* [SUPPLIED MATERIAL]:
:::::

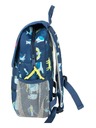 Reisenthel Nahrbtnik Reisenthel Backpack Kids Abc friends blue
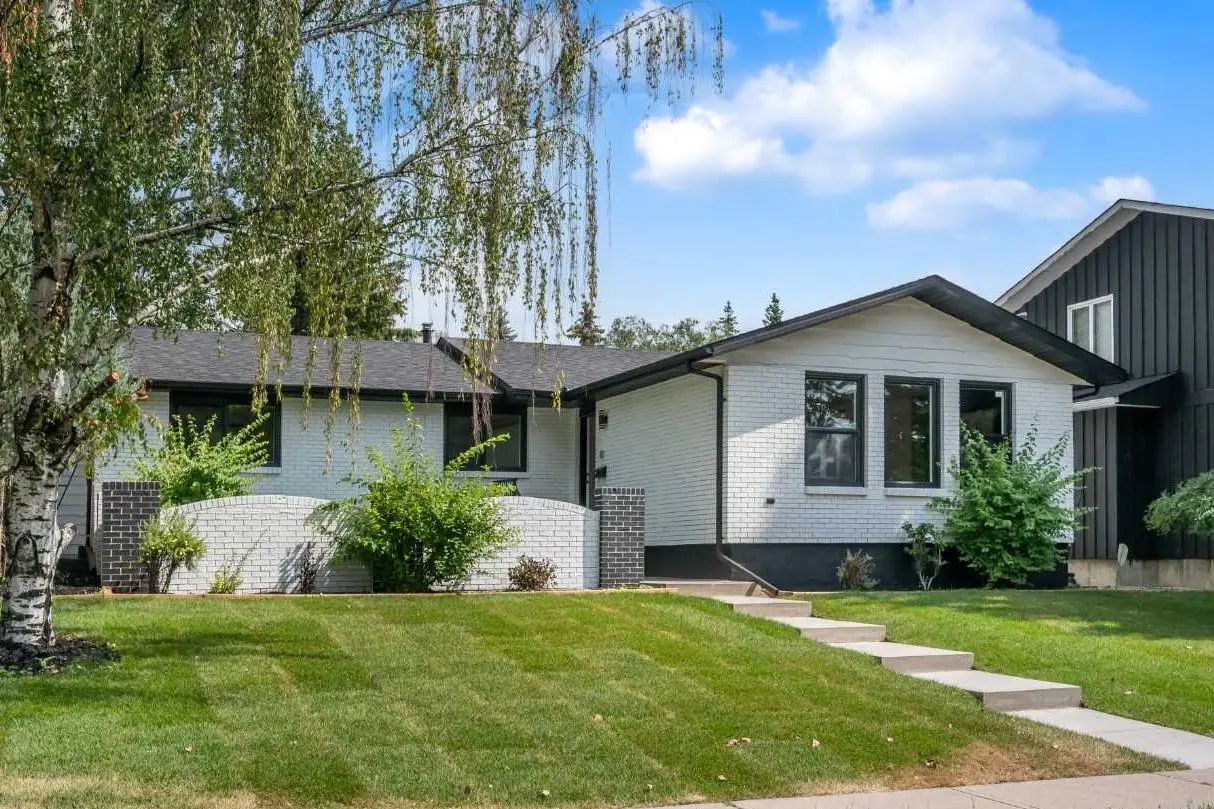 Xxxx Xx Street Sw Calgary Alberta T2V4C3 Pump Hill Details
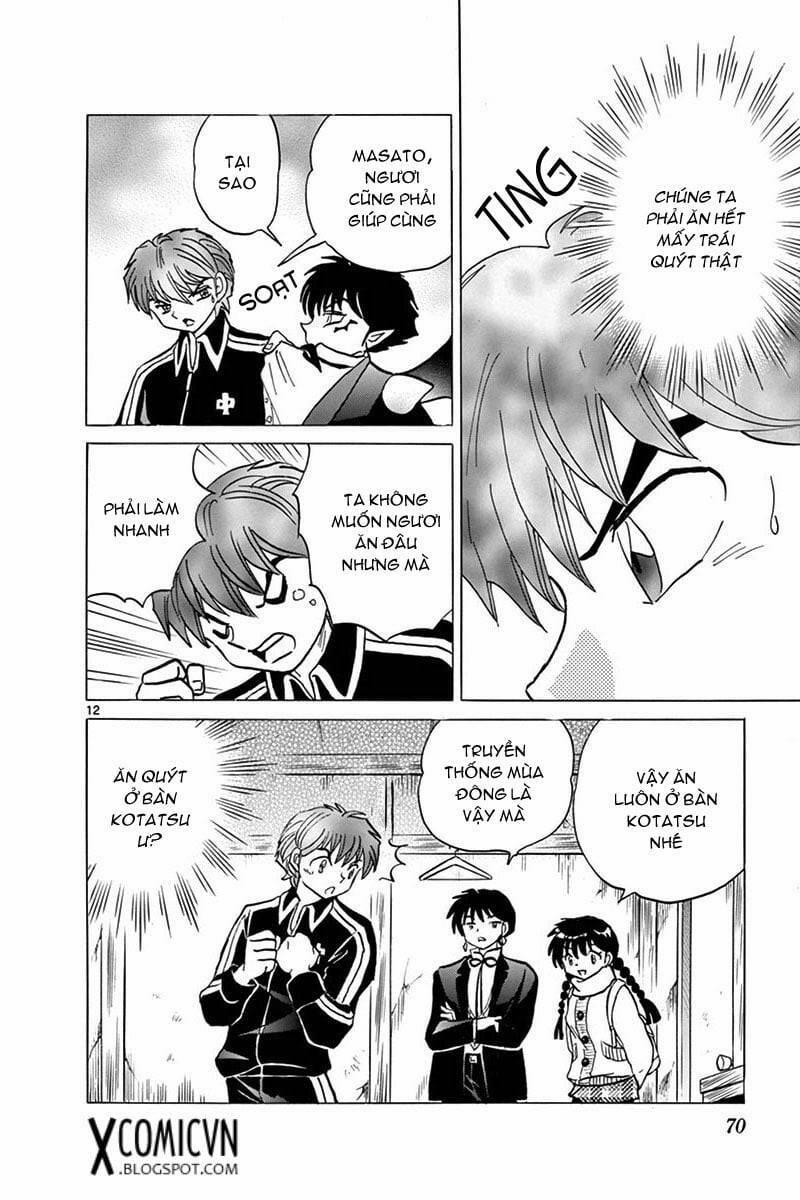 Bạn Học Bí Ẩn 352 trang 11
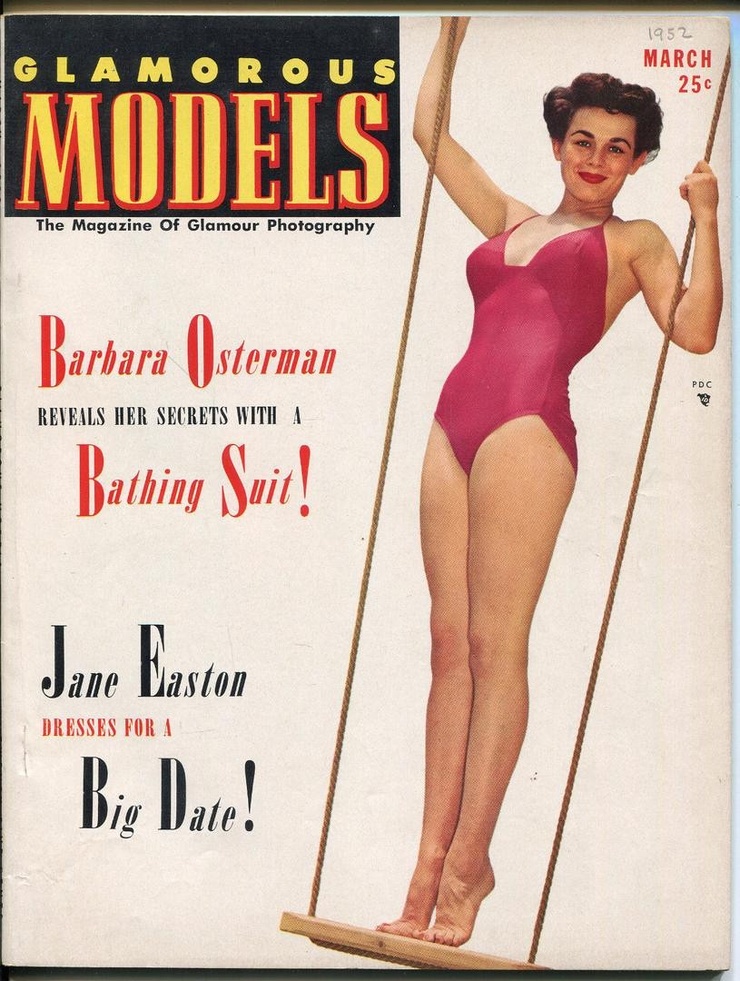 Barbara Osterman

:::::

Quote the data exactly, leaving every image out of the copy.

 Reisenthel Nahrbtnik Reisenthel Backpack Kids Abc friends blue
 Xxxx Xx Street Sw Calgary Alberta T2V4C3 Pump Hill Details
 Bạn Học Bí Ẩn 352 trang 11
 Barbara Osterman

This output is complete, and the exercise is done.